(Beginning of DATA IN THIS EXERCISE)

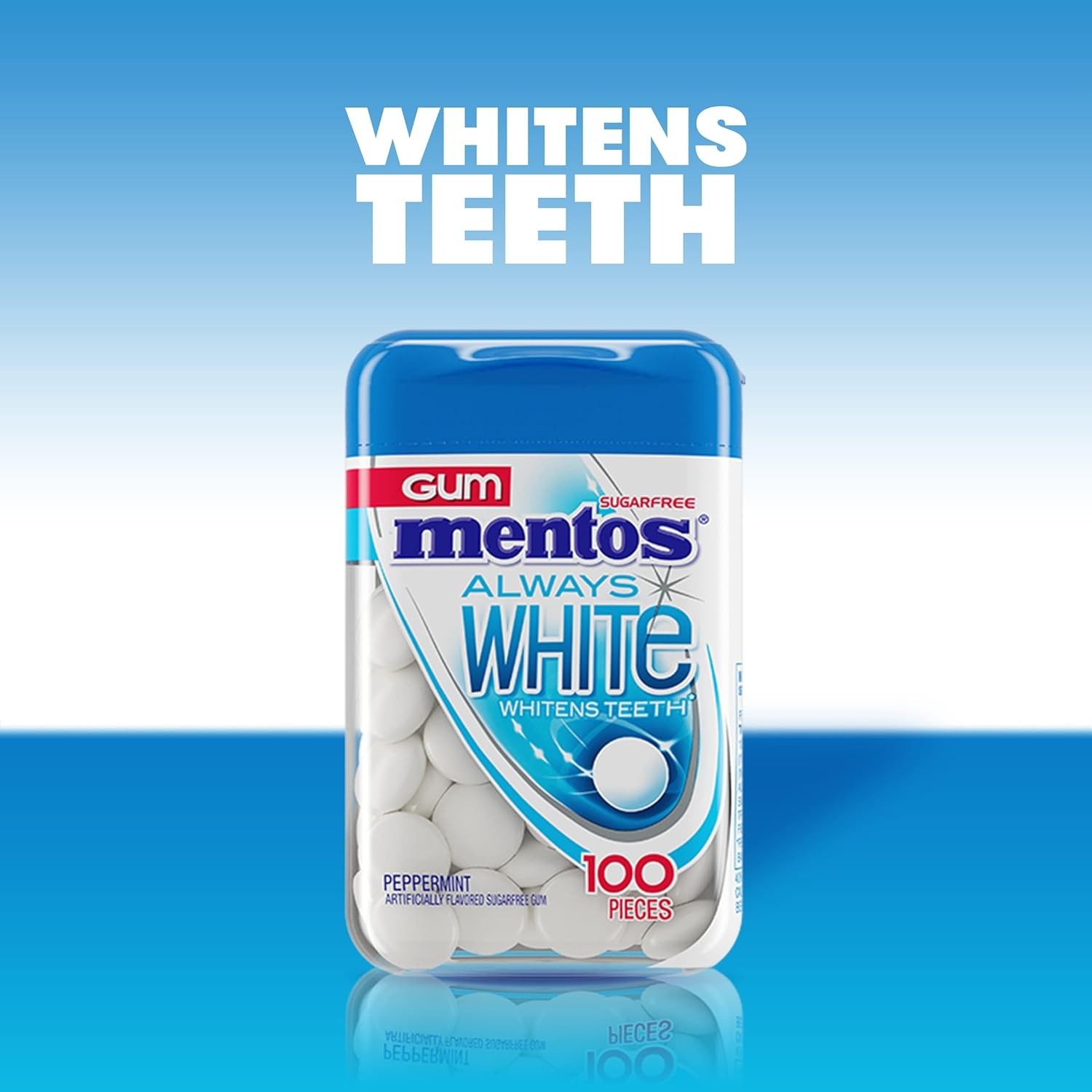 Mentos Always White Peppermint Sugar Free Gum Xylitol 100 Count Fresh Breath gallery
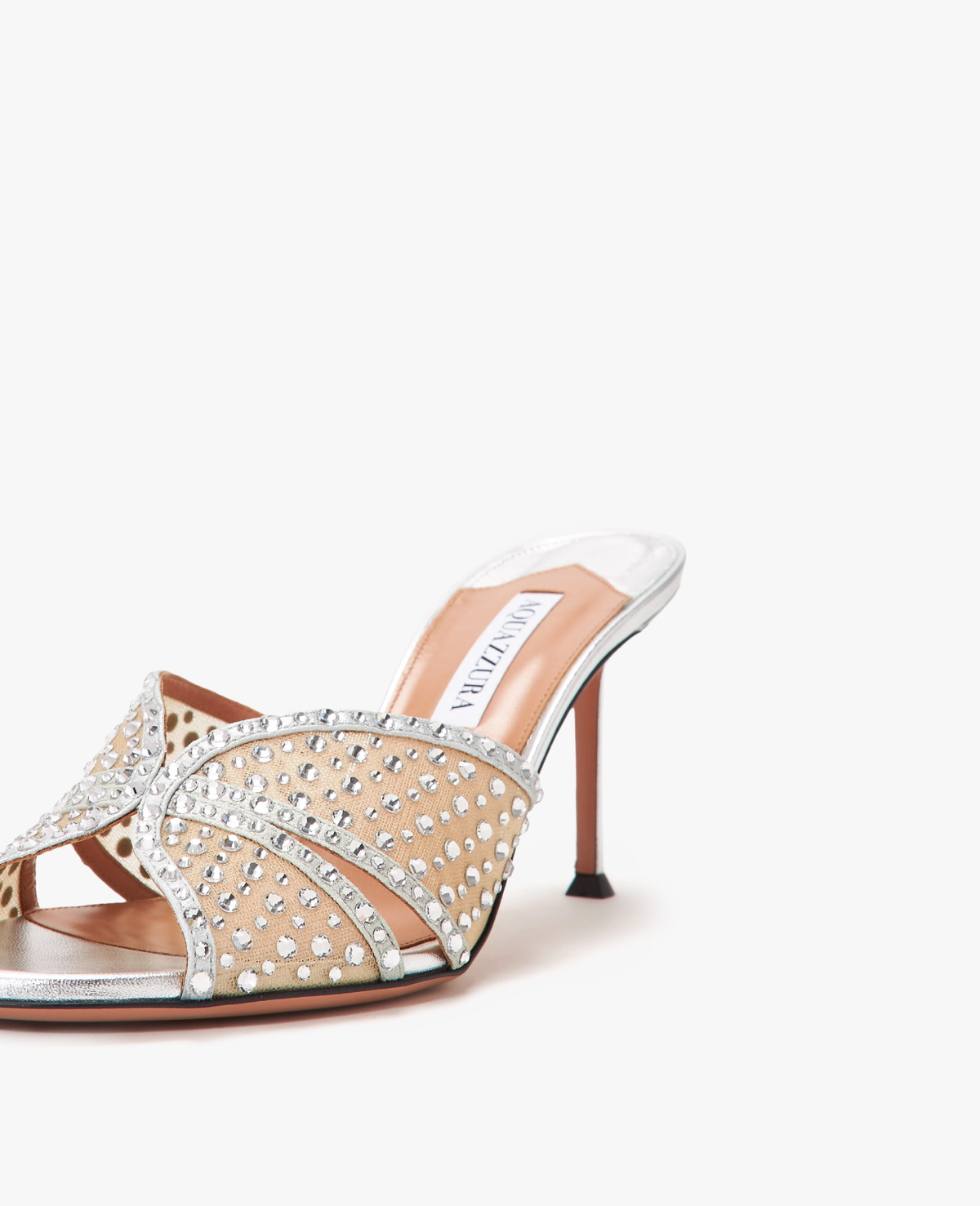 Aquazzura Crystal Lover 75 Silver Mule Sandals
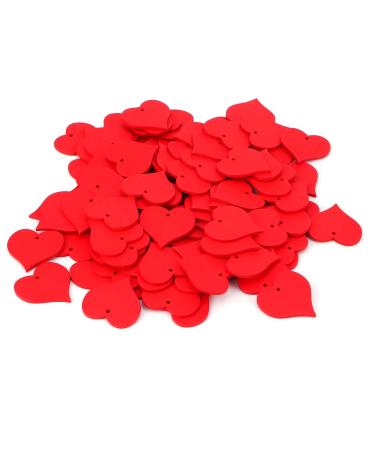 Yousiliang wooden hearts for tinkering 100 pieces of wooden slices handmade red heart -shaped pendant handicrafts DIY wedding decoration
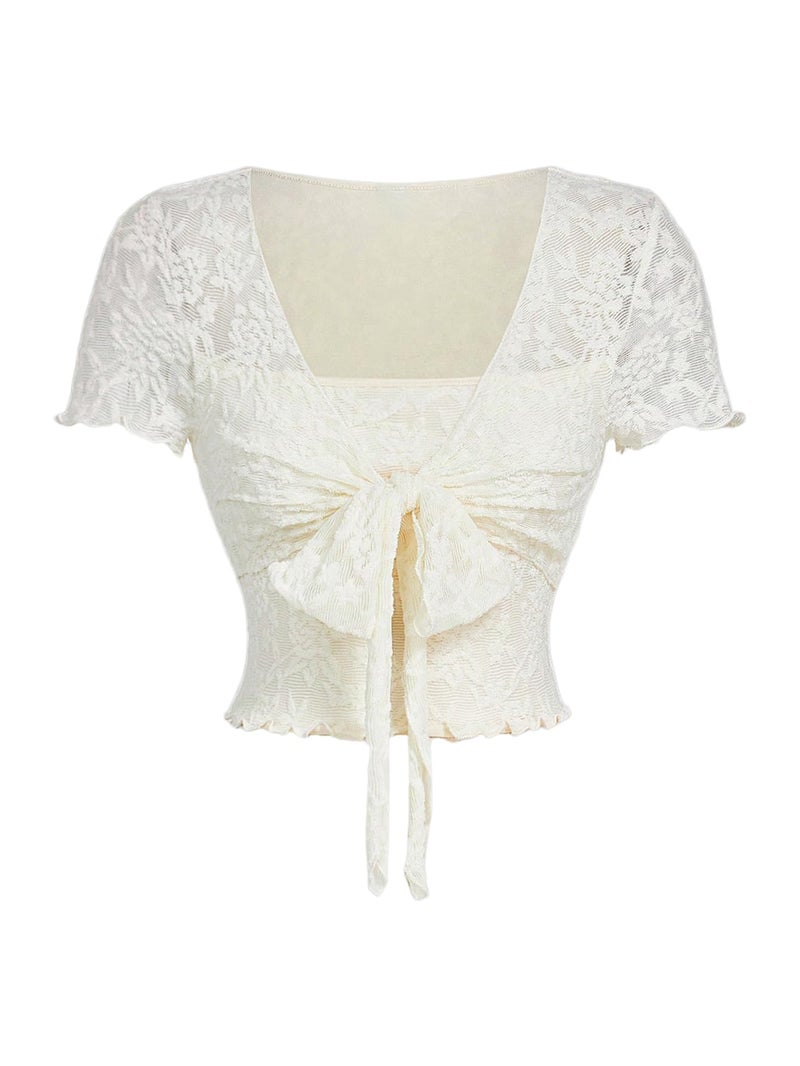 Verdusa Women's Cute Lace Crop Tops Bow Square Neck Tops Short Sleeve Fairy Going Out Crop Tops Apricot Small - Image 1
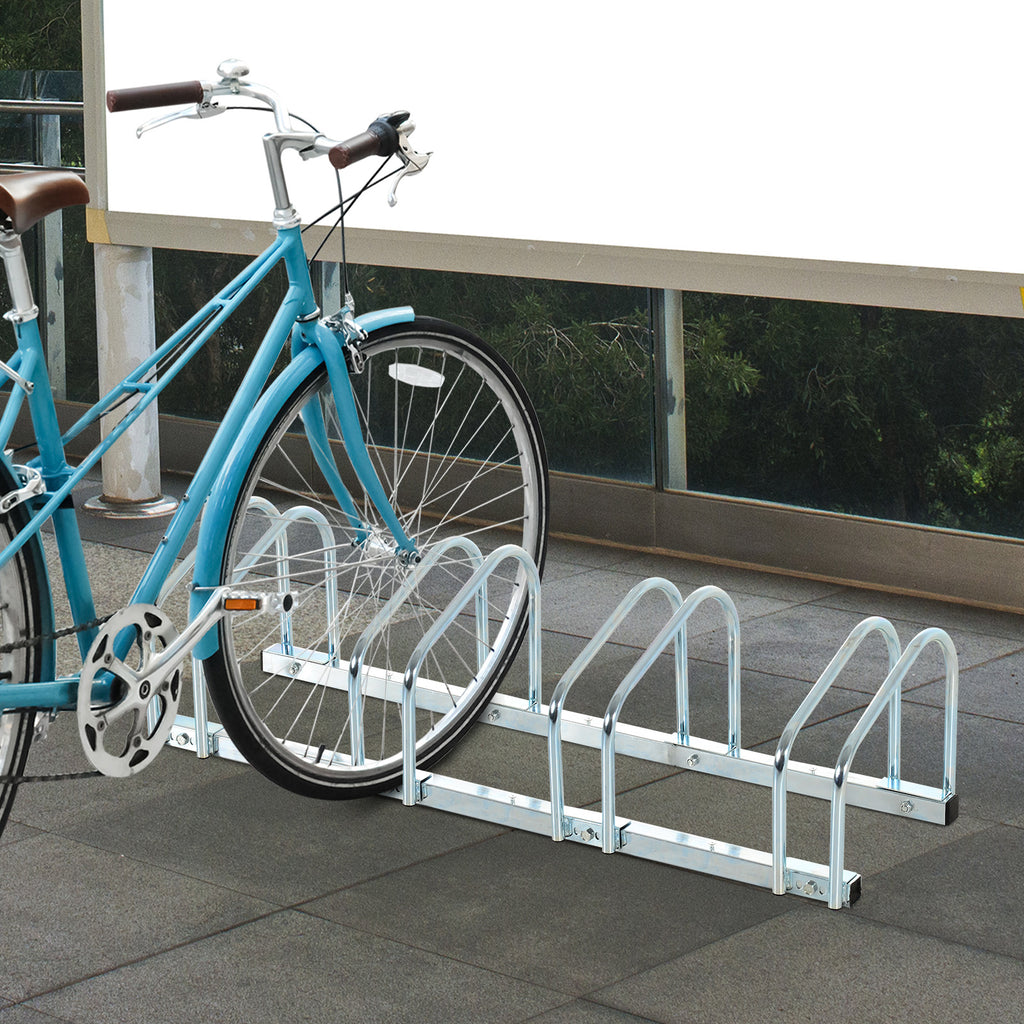 HOMCOM Bike Stand Parking Rack Floor or Wall Mount Bicycle Cycle Storage Locking Stand (4 Racks, Silver)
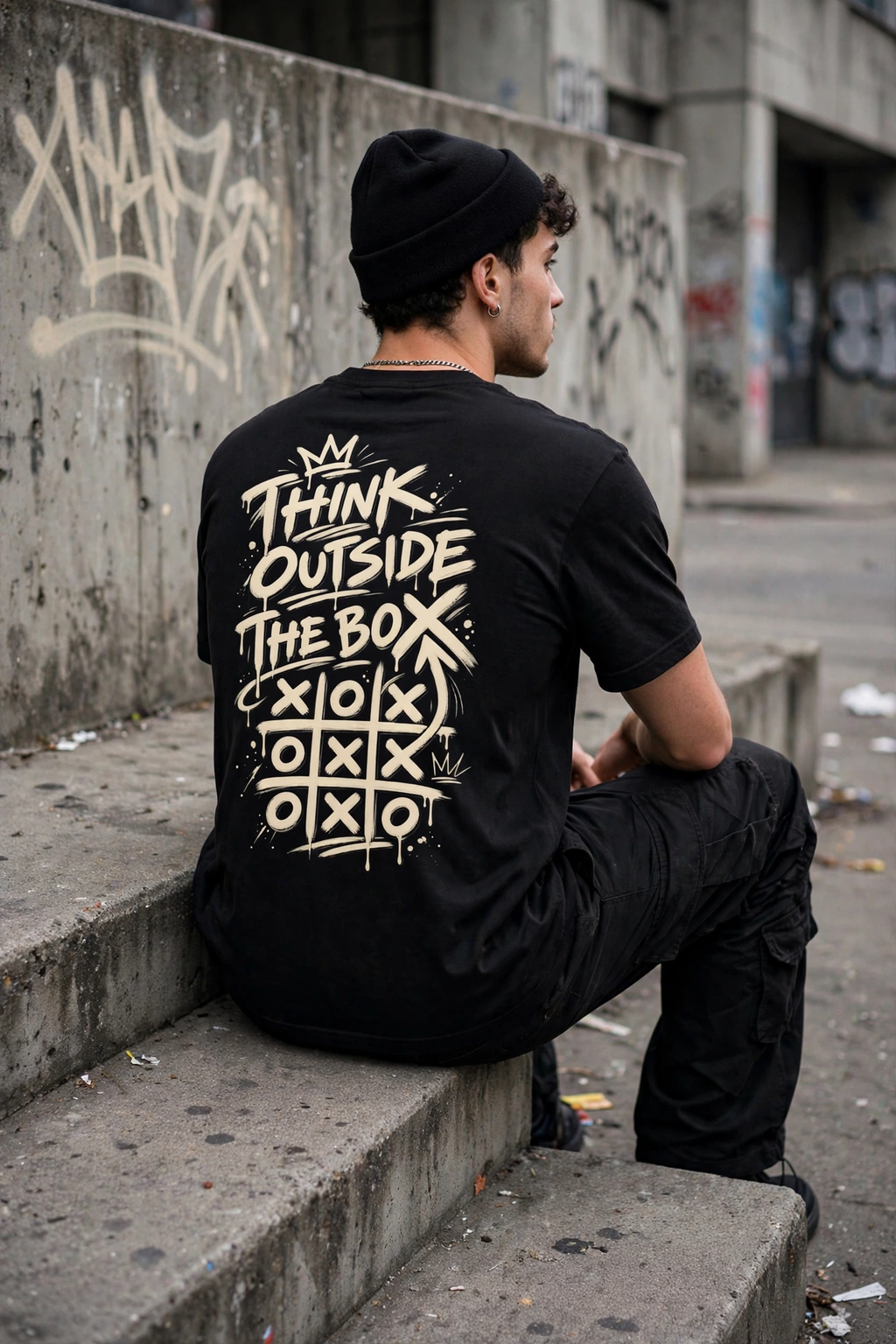 Think Outside the Box T-Shirt — Graffiti Tic-Tac-Toe Streetwear Tee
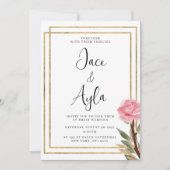 幾何学的な白金ゴールドピンクのミント結婚フラワー 招待状 (正面)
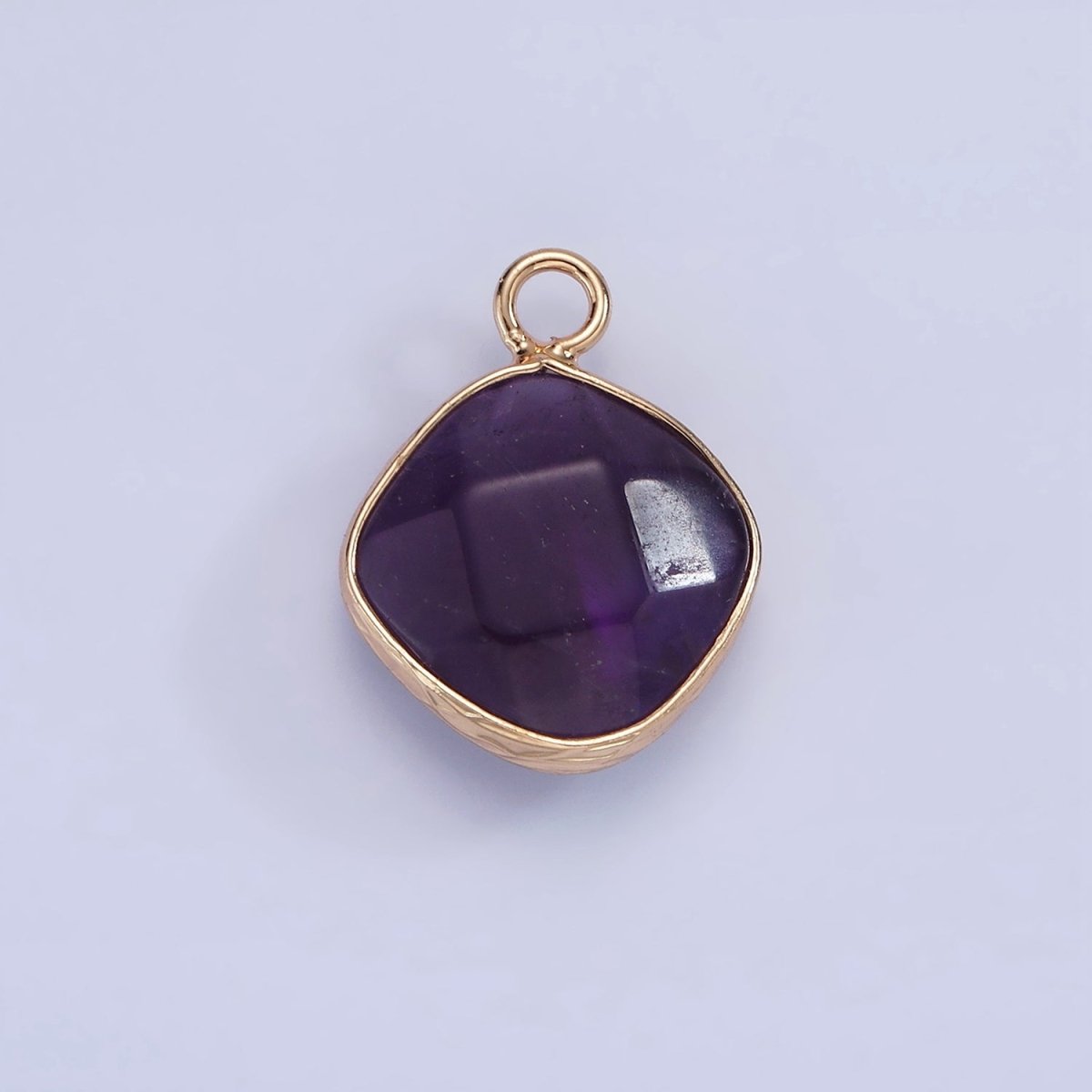 14K Gold Filled Natural Gemstone Multifaceted Rhombus Bezel Charm | N1669 - N1672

(End of DATA IN THIS EXERCISE)

→ TASK INSTRUCTIONS: The reply has to reproduce every line above verbatim and contain no pictures.

→ REPLY TO THE EXERCISE:
 Mentos Always White Peppermint Sugar Free Gum Xylitol 100 Count Fresh Breath gallery
 Aquazzura Crystal Lover 75 Silver Mule Sandals
 Yousiliang wooden hearts for tinkering 100 pieces of wooden slices handmade red heart -shaped pendant handicrafts DIY wedding decoration
 Verdusa Women's Cute Lace Crop Tops Bow Square Neck Tops Short Sleeve Fairy Going Out Crop Tops Apricot Small - Image 1
 HOMCOM Bike Stand Parking Rack Floor or Wall Mount Bicycle Cycle Storage Locking Stand (4 Racks, Silver)
 Think Outside the Box T-Shirt — Graffiti Tic-Tac-Toe Streetwear Tee
 幾何学的な白金ゴールドピンクのミント結婚フラワー 招待状 (正面)
 14K Gold Filled Natural Gemstone Multifaceted Rhombus Bezel Charm | N1669 - N1672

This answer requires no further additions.